Monique Deland propose une incursion d’une beauté rare, d’une grande justesse, au cœur du processus de création et des liens qui nourrissent la poésie et la peinture.
Avec son huitième livre, l’autrice, formée en arts visuels, ouvre les portes de son atelier. Le texte, découpé en sept suites poétiques, se déploie entre équilibre et légère bascule. Il donne voix aux deux visages de la narratrice, l’écrivaine et l’artiste visuelle. L’écartèlement des deux entités se fait sentir tout au long de l’œuvre : « Mon décalage passe de la main qui écrit à celle qui peint ».
Monique Deland met en lumière le côté austère du langage, sa précision, l’impossibilité de le fuir, et la chaleur de la peinture, la forme d’apaisement, de consolation, que cela représente pour elle : « Alors aux jours de petit courage, je peins. Comme d’autres battent les tapis. Un flou heureux qui prend congé des violences du verbe ». Les deux pratiques conduisent la poète au plus profond d’elle-même. Elles lui permettent aussi de se connecter à l’extérieur. La violence du monde la fige parfois sur place : « Ma planète sous le tapis, impossible à bouger. / L’atelier fermé. » La poésie de Monique Deland parle autant de révolte que de résilience. Sa posture en est une d’ouverture devant ce qui vient à elle dans son atelier. Les poèmes s’ancrent dans le vivant, dans ce lien intime qui unit la poète à la couleur. Elle écrit que s’incarner n’est pas sans risque et je sens que de la beauté des couleurs émerge un possible danger. Dans un mouvement circulaire, du mort arrive le vivant, du laid naît le beau : « Les couleurs touchent droit au cœur ». Et au cœur, la narratrice porte la trace des morts.

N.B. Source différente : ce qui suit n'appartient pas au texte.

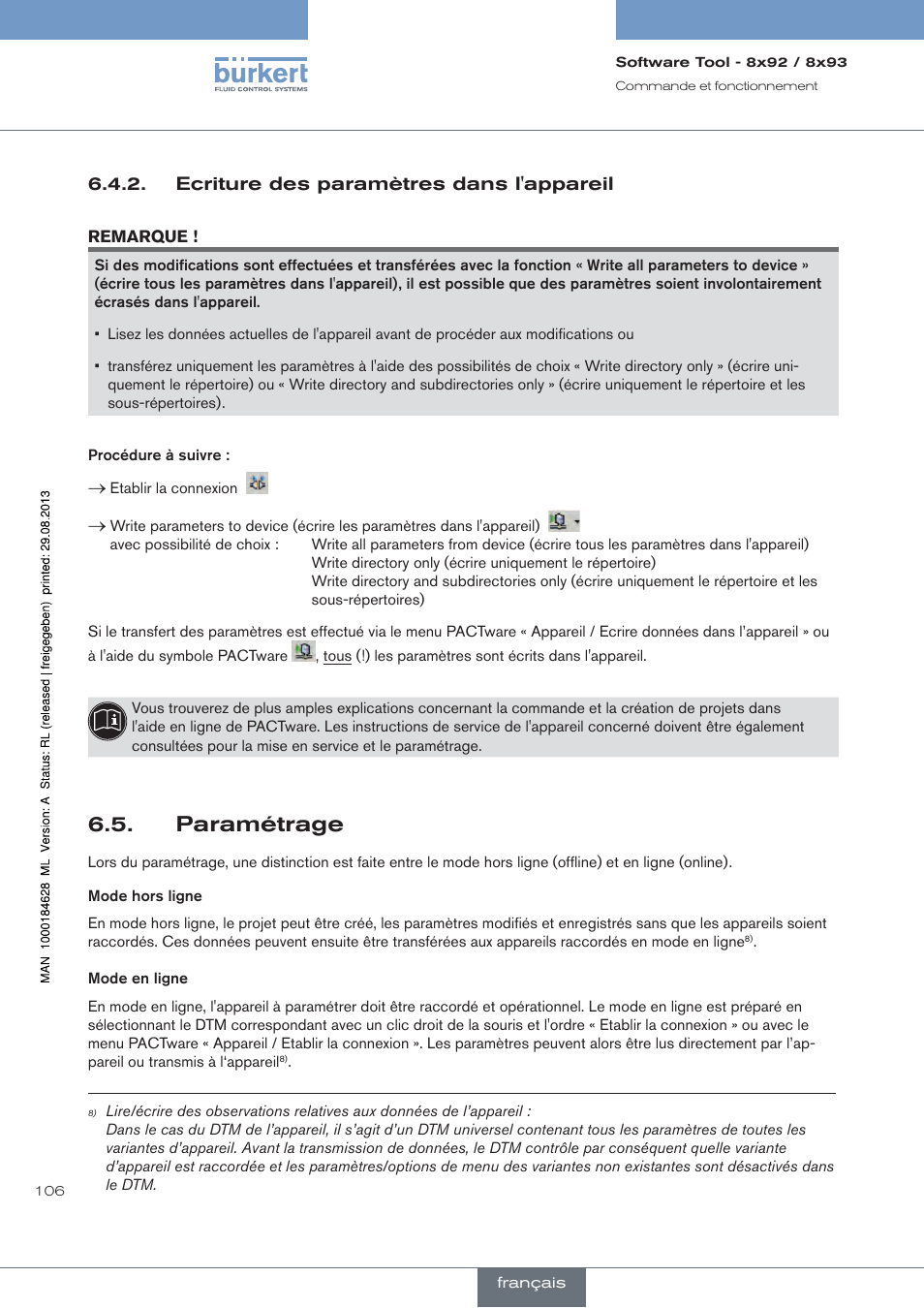 Ecriture des paramètres dans l'appareil, Paramétrage | Burkert Type 8793 User Manual | Page 106 / 118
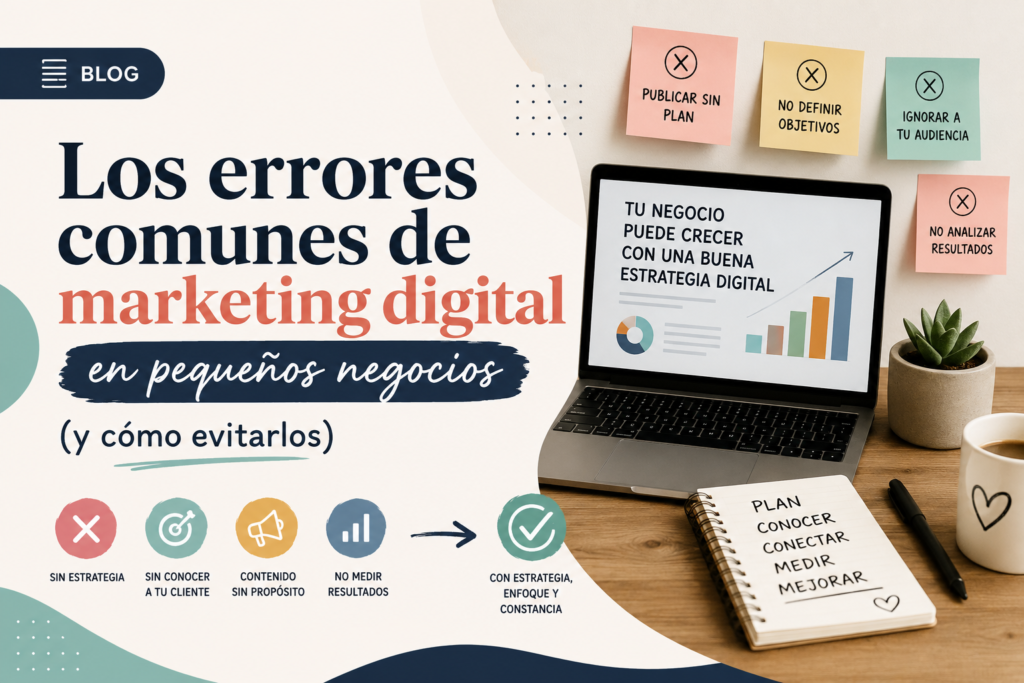 errores comunes de marketing digital en pequeños negocios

L’art se fait moyen de rejoindre les disparus : « C’est par eux, mes morts, que tient mon ciel ». À travers des gestes concrets – nourrir les oiseaux, arroser les végétaux –, la présence du défunt père plane, enveloppe la poète qui visite l’atelier, reste là, s’accroche où elle peut. Elle fait corps avec les mots comme avec la peinture, choisit l’intersection : « Quelle part de moi, hier, était restée ici ? » Parce que quelqu’un était là avant elle, forcément, reste une présence entre ces murs. Cette idée d’autre, de double, de multiplicité, de travail qui continue de se faire quand on quitte l’atelier, est particulièrement riche. L’écriture est vive, rythmée, intime, absolument vraie et honnête. Dans ces poèmes, nulle image pour faire joli, pas d’effets de style, plutôt du concret, du réel, un accès direct à l’esprit d’une poète, d’une artiste en observation constante, en questionnement. Je ne peux passer outre la très belle facture visuelle du livre, comme c’est souvent le cas chez le Noroît : des œuvres parsèment le livre, en début ou en fin de section, des pages de couleurs – jaune, grenat, pourpre, noir ; un livre comme objet d’art, comme trace de vie.
De cette lecture reste une sensation d’inévitable. La narratrice ne peut échapper au geste, poète et peintre sont intrinsèquement liées. Elles se frottent à l’abrasif, au rugueux. Peindre s’avère un chemin qui mène au bout de soi et plus loin, à la limite du réel. Et on avance, aux côtés de Monique Deland, on pose avec elle le pied dans une autre dimension. Avec elle, on tombe, on se relève, on retombe, un peu plus amochée ; on meurt et on renaît à répétition. Entre les murs de l’atelier, il n’y a plus de frontière entre réalité et fiction. Un monde s’effondre. Quelque chose de nouveau apparaît.